Sexual harassment and the system

What happens when a complaint is filed in NH?

Lynda had put up with the sexual comments from her boss at a southern New Hampshire workplace. She was told she needed to wear more revealing shirts. She was asked if she would like to make more money stripping for a bachelor’s party. At one point, he offered to show her his “night crawler.”

She had put up with him sticking his finger in her cleavage and “accidentally” brushing her breasts, once rubbing them.

But one day in the summer of 2011, he put his hands under her shirt at her desk and squeezed her breasts hard from behind, pinning her so that she couldn’t get out of her chair. That was when she decided she had enough and reported him.

First, it was to a co-worker, who told her she “needed her job,” which she did, but she quit anyway. Then, she called an attorney. Then she filled a complaint with the federal Equal Employment Opportunity Commission. Then she went on her own to the police. And finally, she filed suit in federal court. After years of litigation, last year she walked away with a substantial settlement. 

But, even as dozens of high-profile women joining the #MeToo movement to tell their stories of sexual harassment on social media, Lynda asked NH Business Review not to use her real name, nor would she name her harasser in the newspaper. 

First, she is still worried about retaliation from him and his family, but mainly she said she couldn’t relive the experience publicly. She didn’t even want to repeat the above details to a reporter — all come from her complaint — only confirm that she still stood by them. 

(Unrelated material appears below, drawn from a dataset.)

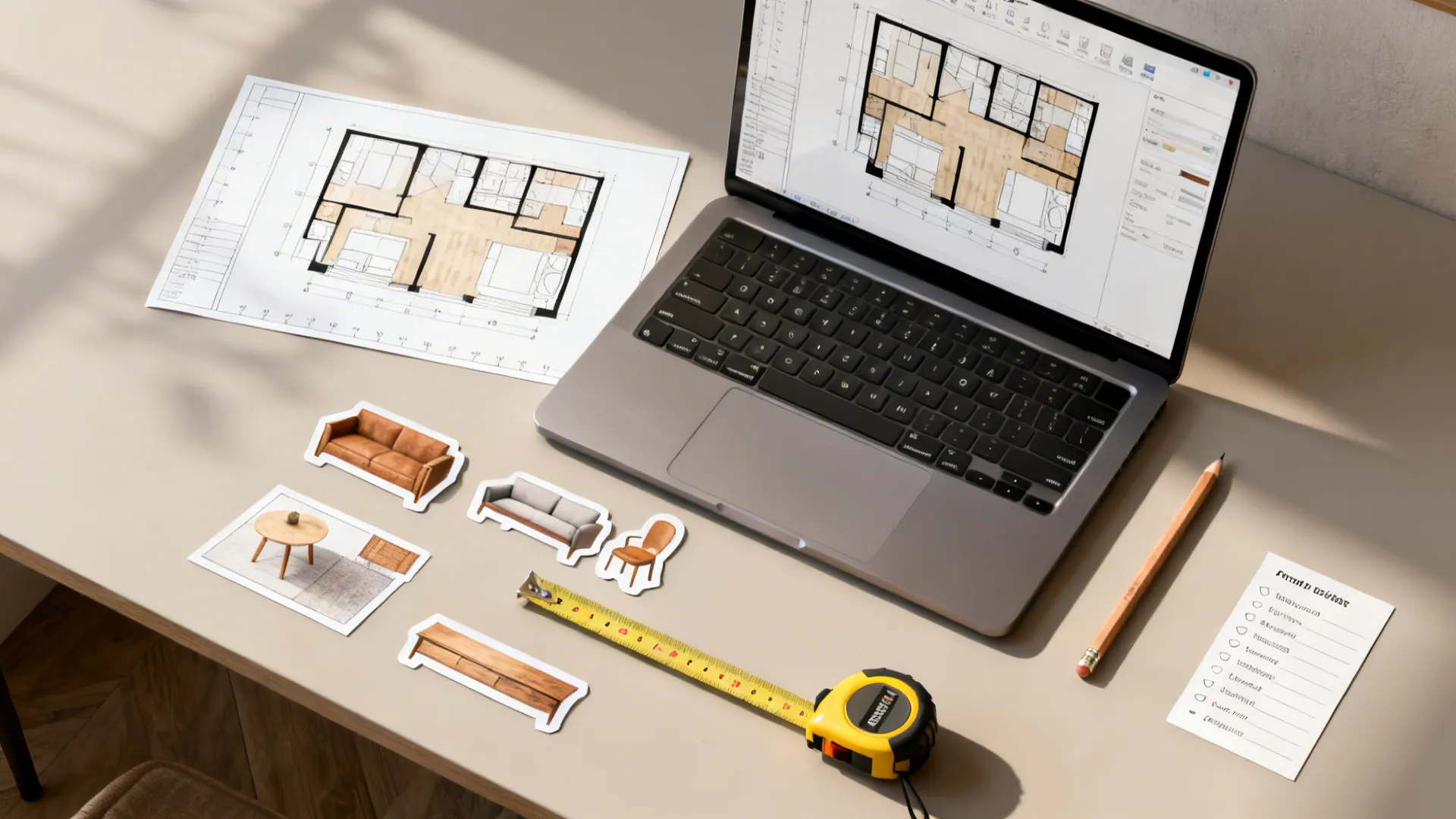 Top-down view of a digital layout mockup with laptop, scale cutouts and tape measure.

“When you read that,” she said fighting back tears, “you don’t understand the horror of it. You can’t experience how awful the work environment was. It is extremely embarrassing. You feel people are judging you instead of him. ‘Why didn’t she fight back, or say more, or not put up with it at the very beginning?’”

Federal cases

With all of the national, and even international awakening of sexual harassment, there has been no apparent evidence of women coming forward in New Hampshire, at least not yet. 

There has been no surge in the 40 or so annual complaints filed with the state Human Rights Commission or the EEOC. Lawyers who represent plaintiffs in such cases also say they have not received more inquiries. If there has been any interest, it has mainly come from attorneys representing businesses and organizations, which are getting (or are taking more seriously) complaints reported internally or have stepped up their training.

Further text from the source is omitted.